All kinds of official forces, from public security, armed police units, high ranking officers or low rank ones from the levels of province, county, and village all came out to threaten, to detain, to tear down, and to seal house churches’ doors and to hit, break, and rob, [using] all kinds of means to repeat what happened during ‘the Cultural Revolution.’ What they did was totally not based on the law, and it was improper and unreasonable. They acted in direct opposition to righteous and moral principles.

My heart is aching, and I am sad. I am crying out loud. What I cannot figure out day and night is this: do these governing authorities really want to have the war be interior and exterior? To fight the exterior trade war with the U.S.A. and to fight the interior war with vulnerable and kind Christians? What are they thinking about? What is their purpose?

“The international community should be alarmed and outraged for this blatant violation of freedom of religion and belief,” declared Bob Fu of China Aid, which published Pastor Shen Xianfeng’s letter and documented numerous incidents of the oppressive behavior he cited.

The Fox report linked Beijing’s crackdown on Christianity with its industrial-scale oppression of the Uighur Muslims of Xinjiang province. The Chinese government has also taken disturbing actions against its other large Muslim population, the much less restless, ethnically Chinese Hui Muslims of Ningxia.
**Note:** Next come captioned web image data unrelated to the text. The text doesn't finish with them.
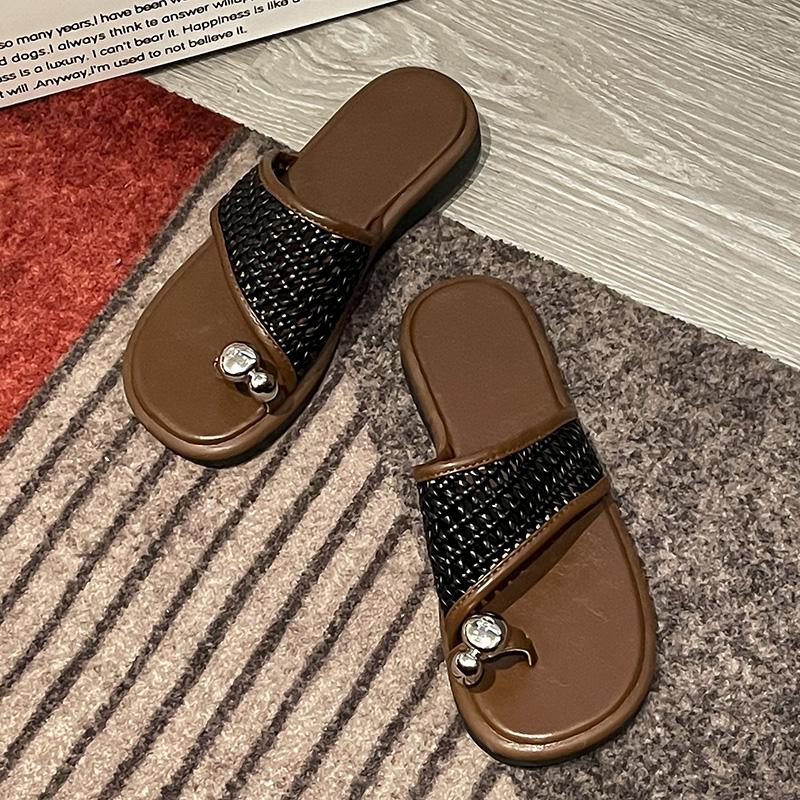 Fashion New Women's Platform Sole Slippers Toe Clip Weave Metal Decoration Flip Flops Dress Daily Hollow Upper Zapatillas De Mujer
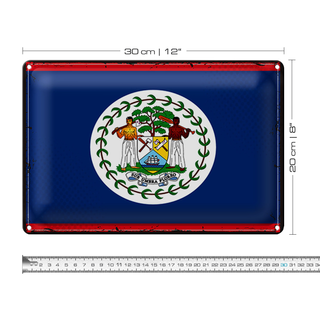 Blechschild Flagge Belize 30x20cm Retro Flag of Belize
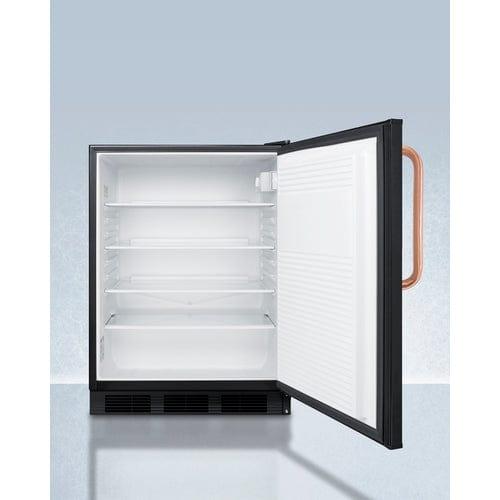 Summit Refrigerators Accucold 24&quot; Wide Built-In All-Refrigerator with Antimicrobial Pure Copper Handle, ADA Compliant FF7LBLKBITBCADA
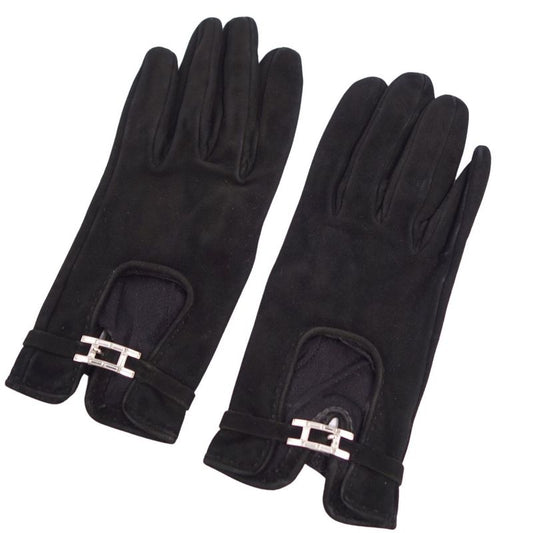Hermes Gloves H Logo Hardware Suede Leather Rede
Xi has described organized religion as a nefarious “foreign influence” that can only be safely assimilated into Chinese society by giving it “Chinese characteristics,” by which he means decisively placing it under the control of the Chinese government and mixing state propaganda into religious services.

The reason Chinese officials are burning Bibles (and deleting Bible downloads from the Chinese internet) is that only the government-approved version of the Bible is allowed. In one of the more grotesque abuses of the “Sinicization” program, images of Jesus have been replaced with photos of Xi. In August, Chinese police raided a Christian summer camp, sent the two parish priests who organized the event packing, and replaced them with “state-approved priests.”
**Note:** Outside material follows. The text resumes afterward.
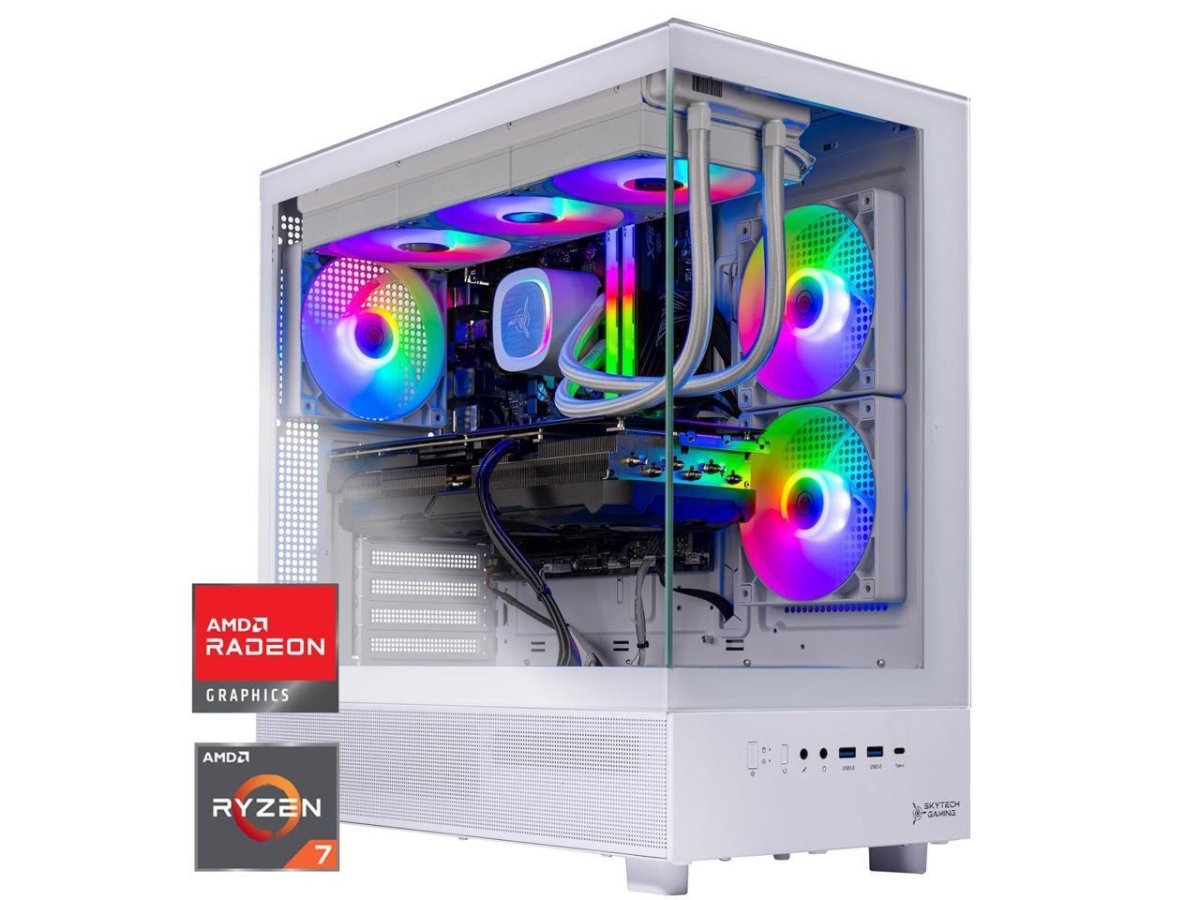 Picture of Skytech ST-AZURE3-1747-W-AL Azure Gaming PC - Ryzen 7 9800X3D - RX 9070 XT - 32GB DDR5 - 2TB NVMe - Win 11&#44; White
Municipal officials in Beijing shut down one of the largest underground churches in the country, the Protestant Zion church. The church’s books and publications were confiscated as “illegal promotional material.” Worshipers were provided with a list of state-controlled churches they could attend instead.

The Zion church made the news in April by rejecting government demands to install closed-circuit cameras throughout its headquarters so its activities could be monitored by the authorities.

Zion Pastor Jin Mingri said surrendering to the Communist Party’s oppressive demands would be a betrayal of his faith: “I fear that there is no way to resolve this issue with the authorities. On this land, the only one we can trust in his God.”

“Only Sinicized churches can obtain God’s love,” China’s religious affairs department insisted in an April publication. Voice of America News charted the agency’s publication of “Regulations for Religious Affairs” as the beginning of the intense crackdown on Christianity:

Hundreds of family churches in Henan have reportedly been shut down since February when authorities became aggressive in implementing the newly-enacted Regulations for Religious Affairs. Family churches, also known as house churches, are independent of the state-sanctioned religious organizations.

“This is a provincial crackdown. In addition to the removal of church crosses, [Henan authorities] plan to merge many local Christian churches. Some local priests told me that up to two-thirds of churches there may be closed down,” Liu said.

Similar raids were conducted recently on Christian churches in Guangdong and Heilongjiang provinces.

Some observers see China’s oppression of Tibetan Buddhists as the beginning of an inevitable crackdown on all religions, a warning sign that should not have been ignored. VOA noted that Beijing is still pushing the Tibetan Buddhists around, most recently with a three-day training course in June intended to “strengthen their political beliefs” by teaching them to embrace “socialism with Chinese characteristics.”